To make spouted pouches for the circular economy, a group of equipment and packaging makers came together to move beyond wish-cycling, and developed both a new packaging and the machinery cell — complete with welding automation — to produce it.
In an interview involving some of the partners, Effytec USA President Roger Stainton described the vision: “We’ve got to build a spouted pouch machine that can run recyclable film, and we’ve got to take it to the market.”
Stand-up pouches use less material than rigid containers, and while neither packaging format is consistently recycled, pouches take up less landfill space.
Unfortunately, most pouches have multiple layers and a spout of a different material — a potpourri of materials that forecloses on the possibility of recycling. On the other hand, all those layers make them easier to manufacture.
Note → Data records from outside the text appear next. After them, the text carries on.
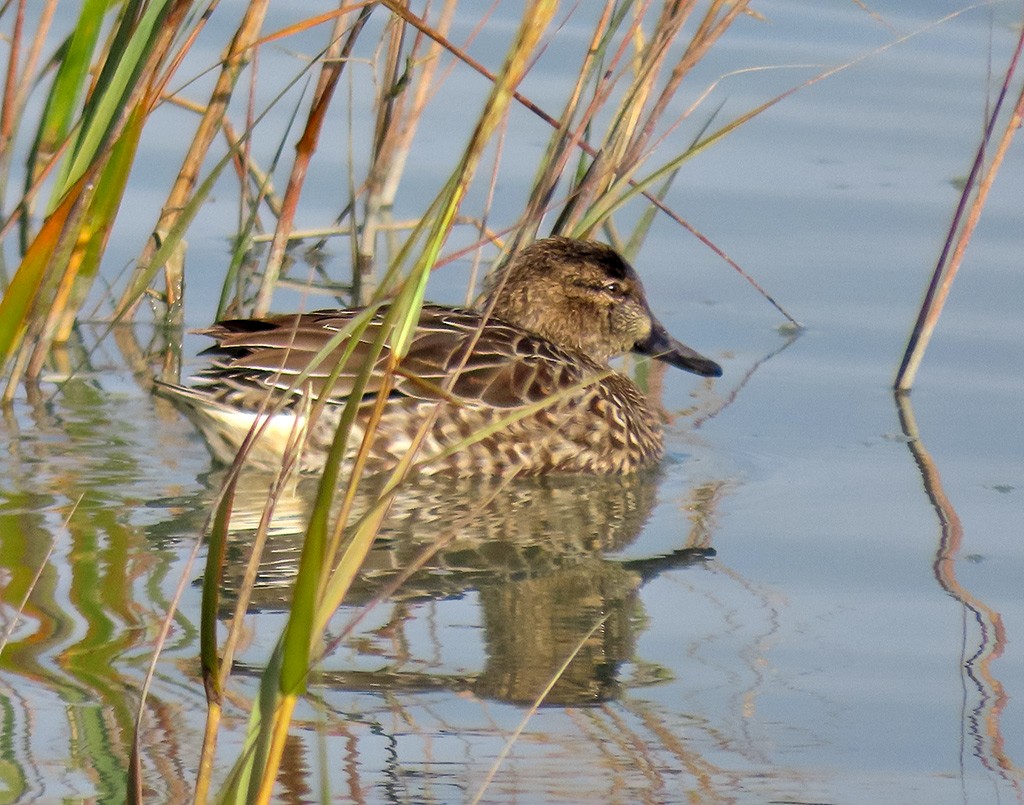 Green-winged Teal - ML646544645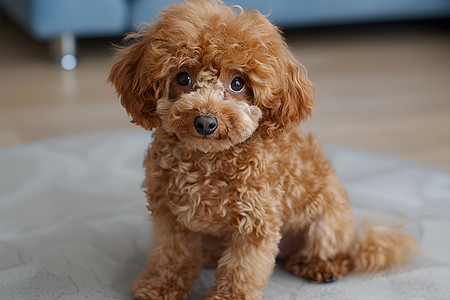 迷人夜色迷人小犬在沙发上背景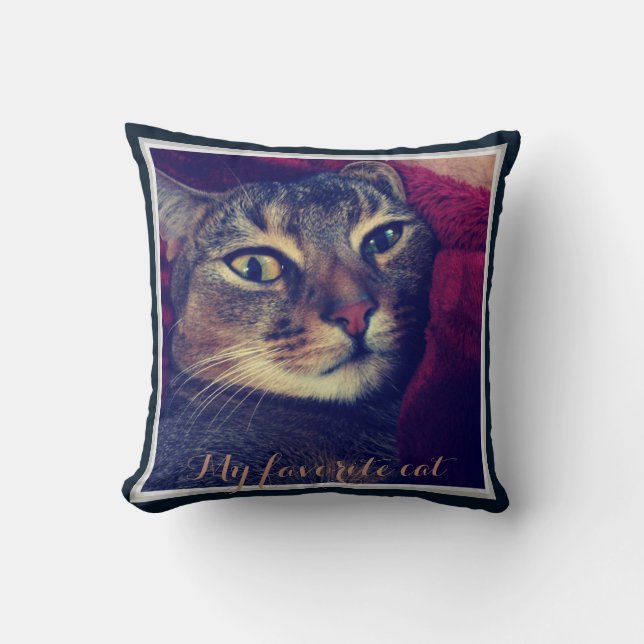 Cat photo, cat, Pets, funny cat Cushion (Front)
A couple years ago, that paradox — between the ease of manufacturing and the difficulty of remanufacturing — drew together a handful of companies in a project to develop a greener alternative. Along with Effytec, a De Pere, Wis., maker of form-fill-seal machinery, participants included flexible packaging maker LD Pack USA; St. Charles, Ill., welding equipment maker Dukane Corp.; and South Elgin, Ill., molder Hoffer Plastics.
Together, they’ve created a retrofittable setup that’s now production-ready and in use on three machines in Europe.
Films, spouts create material disadvantages
The difficulties of manufacturing a greener package underscore the importance of the collaboration. Both the materials the partners chose and the process of attaching a spout presented complications.
“Historically, the industry has been challenged in finding an affordable, efficient solution to seal mono-material films due to the complexities associated with films, spouts and standard sealing processes — including heat sealing and ultrasonic welding,” Stainton said.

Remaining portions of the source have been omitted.